Para bien y para mal, casi ningún género se suele encerrar en sus fórmulas como el terror. Sus premisas, tan vibrantes en papel, suelen cantar el cansancio de tanto uso, aunque ciertas ofertas hacen que uno olvide el deja vu del resto de la oferta. Veamos lo que pasa, por ejemplo, con las posibilidades dadas por el escenario de la invasión hogareña: tenemos examinaciones sobre violencia, sexo y prejuicio como la del maestro Sam Peckinpah en Perros de Paja, ejercicios en controversia estilística similes a los llevados por Michael Haneke en las cuestionables Funny Games (elijan su versión), o historias que aprovechan la pequeña escala para mostrar la pureza de la tensión y la sangre, al nivel de las recientes Los Extraños y Cacería Macabra. De todas formas, las sumas no paran, y también quedamos con resultados como Nadie Vive (No One Lives, 2012), film que no tiene mucho para ofrecer fuera de su amplia dosis de hemoglobina.

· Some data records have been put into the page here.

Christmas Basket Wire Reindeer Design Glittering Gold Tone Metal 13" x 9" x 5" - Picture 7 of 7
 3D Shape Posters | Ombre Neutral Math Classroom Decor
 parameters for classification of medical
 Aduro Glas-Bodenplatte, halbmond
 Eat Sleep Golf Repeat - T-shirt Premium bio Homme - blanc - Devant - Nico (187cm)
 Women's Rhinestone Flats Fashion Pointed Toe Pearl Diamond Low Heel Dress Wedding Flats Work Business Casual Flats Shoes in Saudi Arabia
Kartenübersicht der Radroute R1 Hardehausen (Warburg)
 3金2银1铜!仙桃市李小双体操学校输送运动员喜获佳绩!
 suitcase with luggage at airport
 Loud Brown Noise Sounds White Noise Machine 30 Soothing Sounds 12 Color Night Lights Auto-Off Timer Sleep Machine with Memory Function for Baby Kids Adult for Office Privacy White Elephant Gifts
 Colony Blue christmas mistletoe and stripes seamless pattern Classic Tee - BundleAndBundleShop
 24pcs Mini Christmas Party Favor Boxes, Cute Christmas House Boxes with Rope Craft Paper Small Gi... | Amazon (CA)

Primero, veamos los ingredientes de la historia. Tenemos una pareja, discutiendo con dudas mientras viajan por la ruta para iniciar de nuevo. Por otro lado, se encuentra una banda de criminales; llamémoslos “el líder solemne”, “el psicópata impaciente que arruina todo”, “el tipo corpulento”, “el novato”, “la chica dura” y “la chica sensible”, porque ese es el único tipo de características distintivas que poseen esos futuros cadáveres. Y, finalmente, se encuentra la joven que tiene estampada en la frente su salvación. Todo parece ir de la manera usual cuando los tórtolos son acosados por el grupo, que los encierra con los típicos fines macabros. Y cuando uno espera que arranque la tortura (de que tipo, dependerá de la tolerancia que tengan), surge un pequeño problema: el inocente hombre (Luke Evans) resulta ser un experimentado y perfeccionista psicópata, que escapa para iniciar su venganza con quienes lo mantuvieron captivo. Pero también hay un par de inconvenientes con esta revelación. En primera instancia, la sorpresa se ve venir desde lejos, debido a la falsa y vaga presentación que se le da al homicida en los somníferos 20 minutos que abren el film. Y, cuando uno considera como sigue el relato tras la sorpresa, el cambio es básicamente inexistente. Pasamos de varios sádicos atormentando a una persona a un sádico atormentando a varios.
No-One-Lives
Claro que, en estos casos, la ejecución es esencial para el éxito. Lamentablemente, en ese aspecto hay poco que ayude, con la labor del japonés Ryuhei Kitamura resultando casi libre de cualquier tipo de marca. Sorprendente, considerando la festiva demencia que había arrojado en los choques de espadas de su adaptación del manga Azumi, o el amoroso homenaje lovecraftiano expresado en El Tren de la Medianoche. Acá, él sólo puede destacarse en el bizarro permitido por los asesinatos, como en un par de escenas donde su homicida sin nombre acaba con el voluminoso malhechor que lo tiene encerrado, para luego usar su gigante cuerpo como disfraz para esconderse del resto. Son momentos entretenidos, pero que representan el diez por ciento de una producción de 86 minutos que, cuando no está cumpliendo el placer de la audiencia por despachar a las insufribles víctimas (como siempre, el debate sobre por qué se dio vuelta la reacción da para un largo debate), entrega un nada apetecedor plato de terribles personajes, acciones sin sentido y diálogos irritantes.
Encima, las performances están mal manejadas; casi nada de lo que sale de la boca de los actores suena real, con el lenguaje facial y el espacio entre línea y línea dando a entender que varios son alienígenas. Los únicos que se salvan de esto son Evans (visto recientemente en Rápido y Furioso 6 y la última entrega de El Hobbit) y la australiana Adelaide Clemens (Parade’s End, Rectify) tirando algo de dimensión y sarcasmo a sus roles de maniático y mujer final, en una relación que al final no llega a ningún lado. Todo lo que marcha en Nadie Vive es la matanza. El resto perece.